The protests against the Gaza massacre are an expression of solidarity. Though powerful countries may be backing Israel – as indeed they supported apartheid South Africa – and though other countries may have been silenced by Zionist censorship, these protesters are saying ‘Not in my name!’ While I may not be able to do much to stop the bombs from raining down on innocent children, women and men, at least in my heart I know it is wrong and on my lips and limbs I protest the injustice.
Israel has successfully intimidated even the most powerful countries and leaders, arguing through its propaganda that the crimes against humanity it is committing have been forced upon it because Hamas has been firing rockets at Israeli cities. From Bush to Brown every Western Leader who has spoken out has blamed Hamas for causing the massacre. While every unlawful loss of life – whether Palestinian or Israeli – is unjustifiable, why can we not compare like with like? How many Israelis have these crude rockets killed? And how many Palestinians have so far been murdered en masse by Israel? How can it be fair that Israel uses a caterpillar to kill flies?
By the time we were folding our banners in Trafalgar Square Israel had invaded with ground troops. Indeed, its army has been on the rampage since Saturday. Murderous and bloodthirsty politicians like the Israel’s Foreign Minister Tzipi Livni, well-dressed and even smiling, are presented on our TV screens justifying the massacre of women and children. This while Israel’s rival politicians, including Benjamin Netanyahu and Ehud Barak – who, if there were any justice would have been declared war criminals – are ecstatic at the huge number of casualties in Gaza and are threatening more.

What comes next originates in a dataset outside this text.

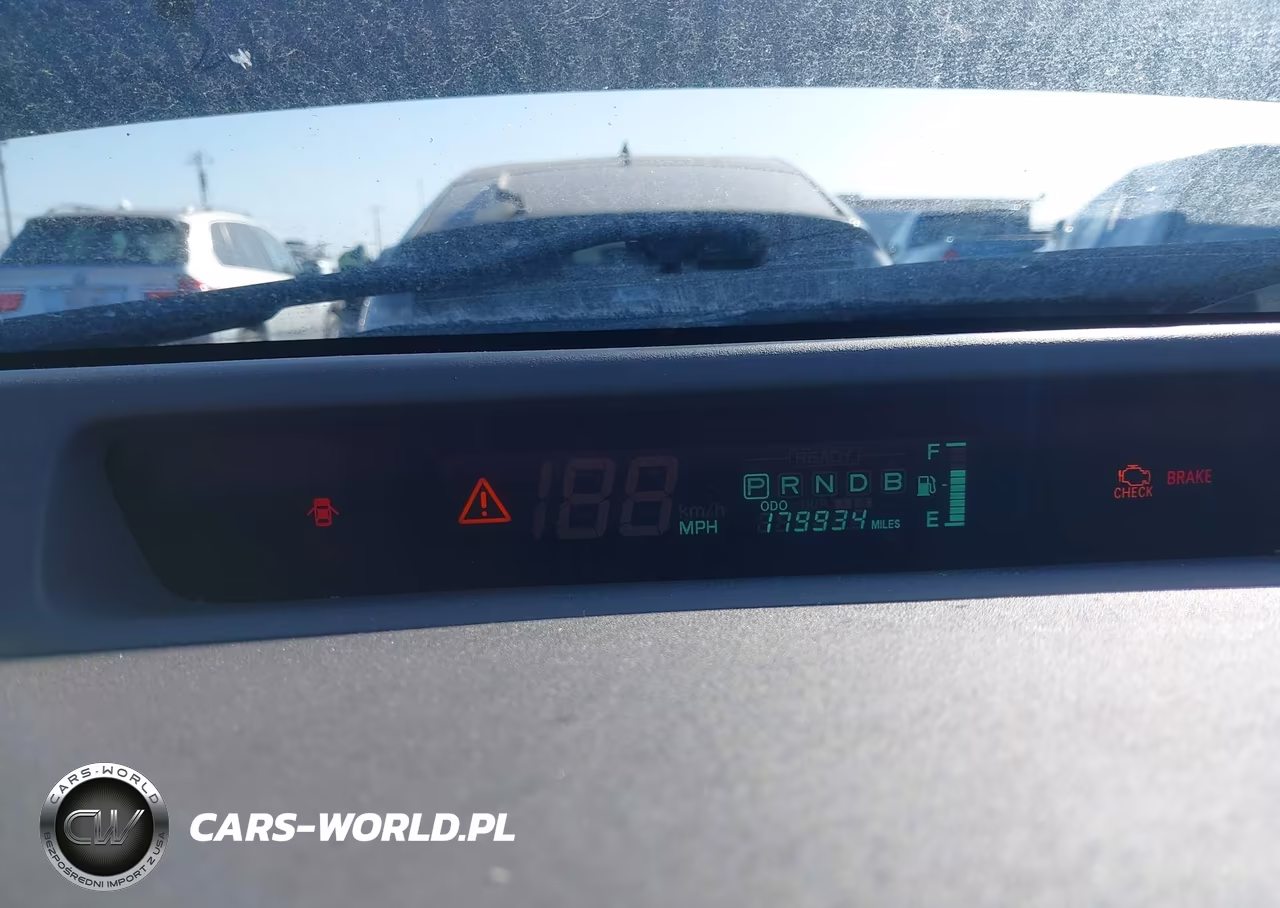2001 Toyota Prius VIN:JT2BK12U010009557 - 7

Meanwhile, UN secretary-general Ban Ki-moon called for an immediate ceasefire and suggested that the Israeli response was disproportionate. But who is listening? All George W. Bush will say is that Hamas should stop sending its largely symbolic rockets, and he will dare not ask for Israeli restraint. In the midst of the Israeli military, political, diplomatic and propaganda hegemony, it is easy to forget that Hamas won a parliamentary election and defeated Al-Fatah. You may not like them, but it is up to the Palestinians to change them, not Israel, not the Arab leaders, the US or anybody else.

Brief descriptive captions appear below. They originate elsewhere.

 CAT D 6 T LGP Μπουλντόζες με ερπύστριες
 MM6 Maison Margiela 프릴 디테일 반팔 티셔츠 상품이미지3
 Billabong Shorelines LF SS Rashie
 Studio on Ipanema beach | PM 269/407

Israel had been hoping that the blockade would strangle Hamas, but instead support has grown. When will Israel and the US learn that you cannot help people through strangulation? You cannot bomb your way into the hearts and mind of your victims.
To paraphrase Mahatma Gandhi, Israel will have many Palestinian bodies to add to those it has killed since 1948, but it will never have their obedience.

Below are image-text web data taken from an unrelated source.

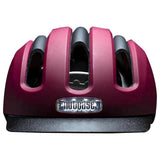 Nutcase Vio MIPS LED Helmet - Cabernet Matte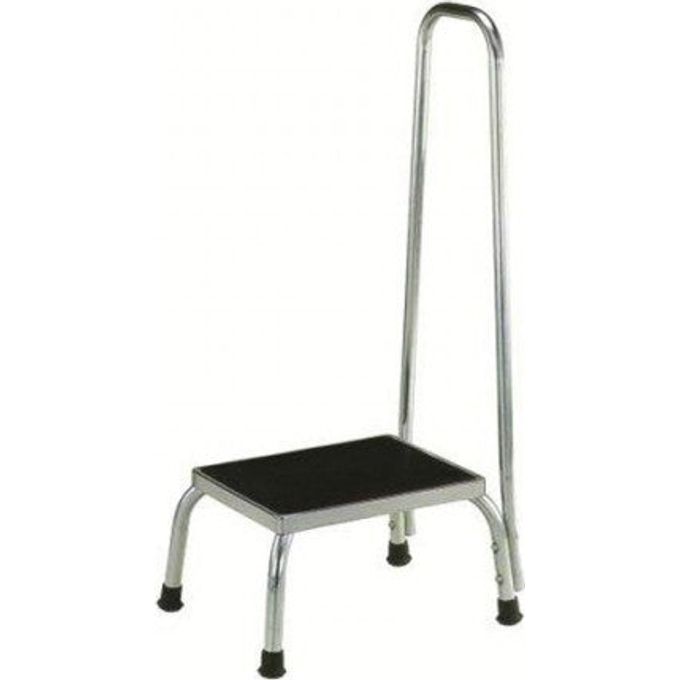 Parsons Step Stool with Handrail
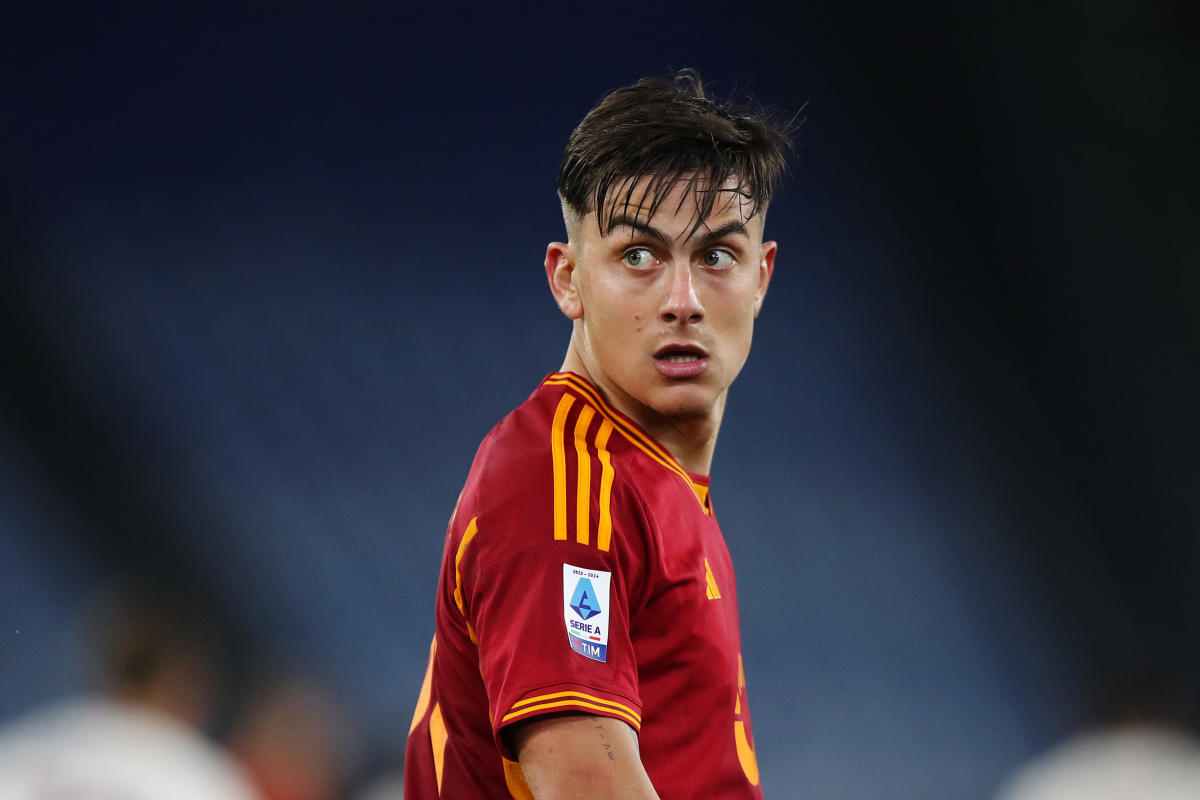 Inter Milan Deny Rumours of Interest in Signing Roma Star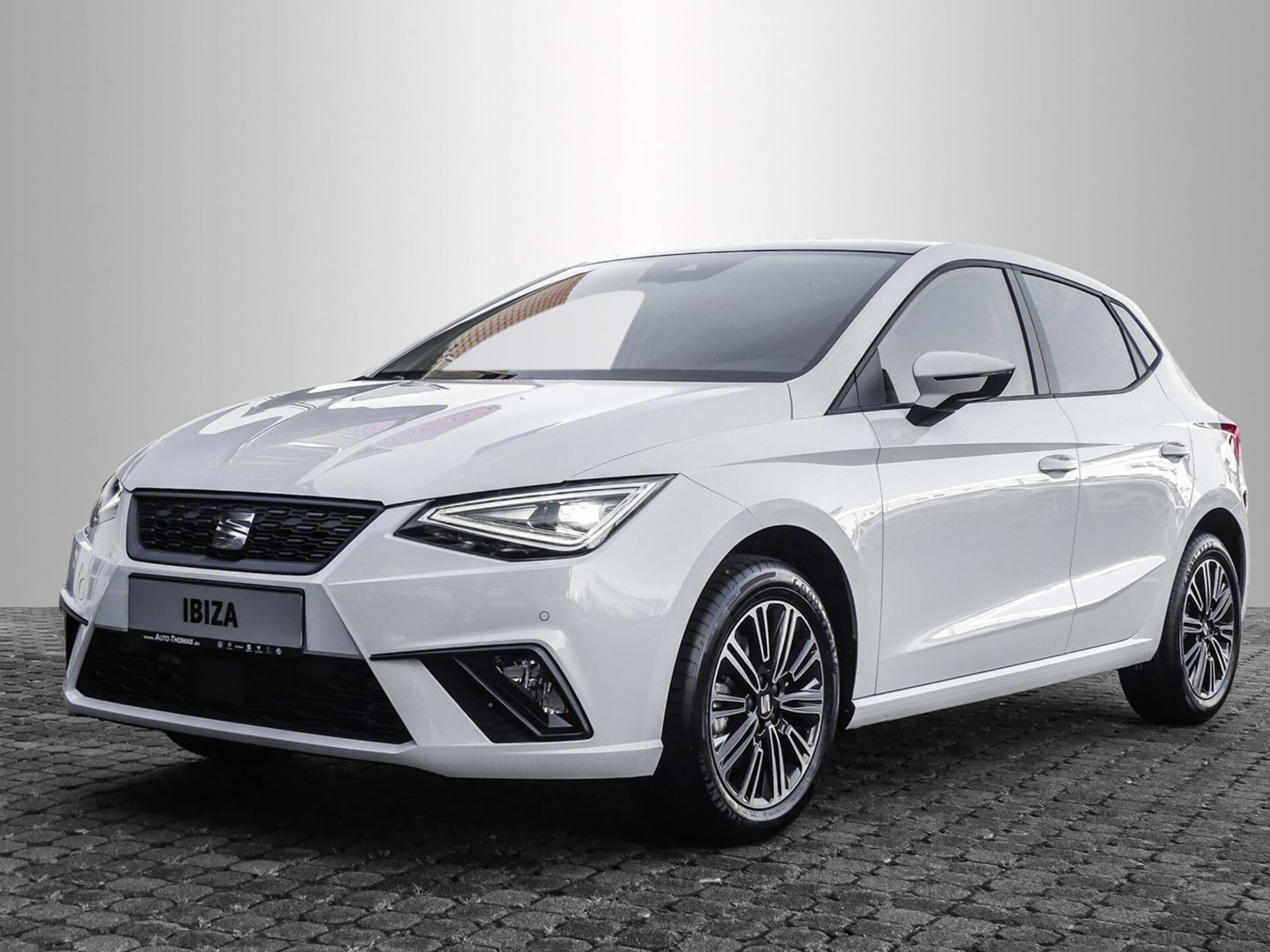 SEAT Ibiza Style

It is not enough for us to just look on and say to ourselves that what is going on is bad and simply change the channel. You can join the protest or organise one wherever you may be, write letters to newspapers and make use of feedback sessions in the media. You can also boycott Israeli goods in the shops like Jaffa oranges. Even if our governments, much like their Arab counterparts, are too compromised and cowardly to stand up to Israel, what about you and me?
There are many Africans who are confused about the Israel–Palestine conflict, believing it to be purely a case of Islam vs Judaism or Arab vs Jew. As a people who have known slavery, colonialism, and apartheid, how can we be so complacent about the right of others to a life of dignity and sovereignty over their own affairs? Palestinians are not dangerous but they are endangered by their powerful neighbour, a neighbour supported by the most powerful nations on earth and the collaboration of other leaders in the Arab world and beyond.
* Tajudeen Abdul-Raheem is general secretary of the Global Pan-African Movement, based in Kampala, Uganda, and is also director of Justice Africa, based in London, UK.